A convincing leader can bring people in when they’re making a principled stand despite the party. The party can lose a leader support when the persuadables are less convinced where the leader even stands.
Geminid
@lowtechcyclist: The tunnel network is huge. Before the war a Hamas official claimed it was 500 kilometers in extent and so far it seems at least that.
The Israelis cannot destroy all of it, and in any event Hamas still controls the network in the southern area including those leading into Egypt. The Egyptians have been destroying tunnels on their side for a couple of years now, even pumping seawater into them, and they’re not nearly finished.

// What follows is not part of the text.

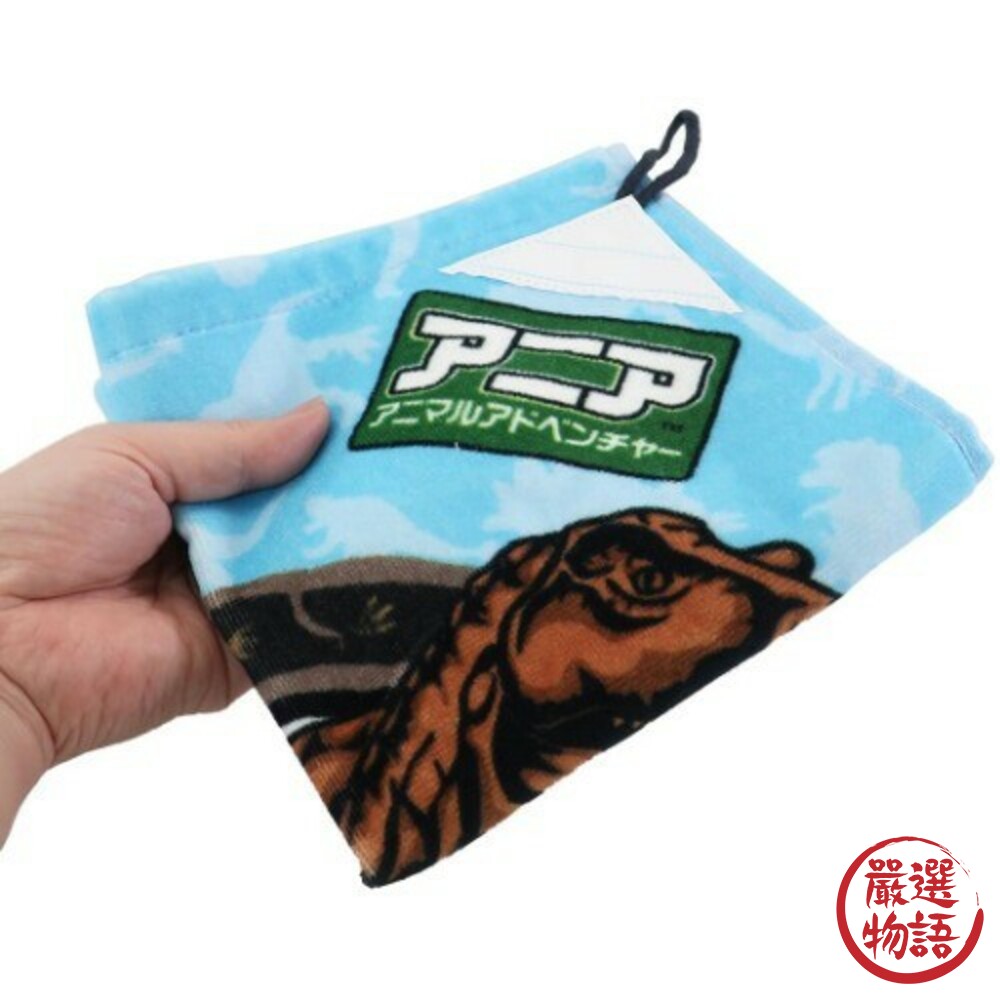 日本製恐龍方巾 多美動物ANIA 霸王龍/三角龍 擦手巾 手帕 兒童毛巾 恐龍毛巾 侏儸紀毛巾 掛耳方巾 封面照片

We can debate about the war here, but it will be resolved by nations closer to the conflict. Right now, the Qatari-mediated process is the only viable plan for a ceasefire. There is also a larger plan proposed by the Arab states that may well be the template for a permanent ceasefire. This would be backed by a Security Council resolution.
So that is what I am watching now. Axios reporter Barak Ravid is a good source on these negotiations, and Laura Rozen aggregates a lot of other good sources. They both post on Twitter and other platforms.
Omnes Omnibus
@The Kropenhagen Interpretation:
Why shouldn’t people express their frustration with voters that they perceive to be acting in a counterproductive way?
Baud
@The Kropenhagen Interpretation:
Yeah no, that’s not why Hillary lost.
Omnes Omnibus
@stacib: Biden got nearly four times the number of votes that Obama got in 2012 (the last time the Dems had an incumbent running for reelection). Source.
daveNYC
That’s pretty racist.
The Kropenhagen Interpretation
@Omnes Omnibus: Assuming an actual counterproductive act, sure, complain away; but from what I’ve seen, they’ve failed to argue the counterproductivity of this particular protest to begin with.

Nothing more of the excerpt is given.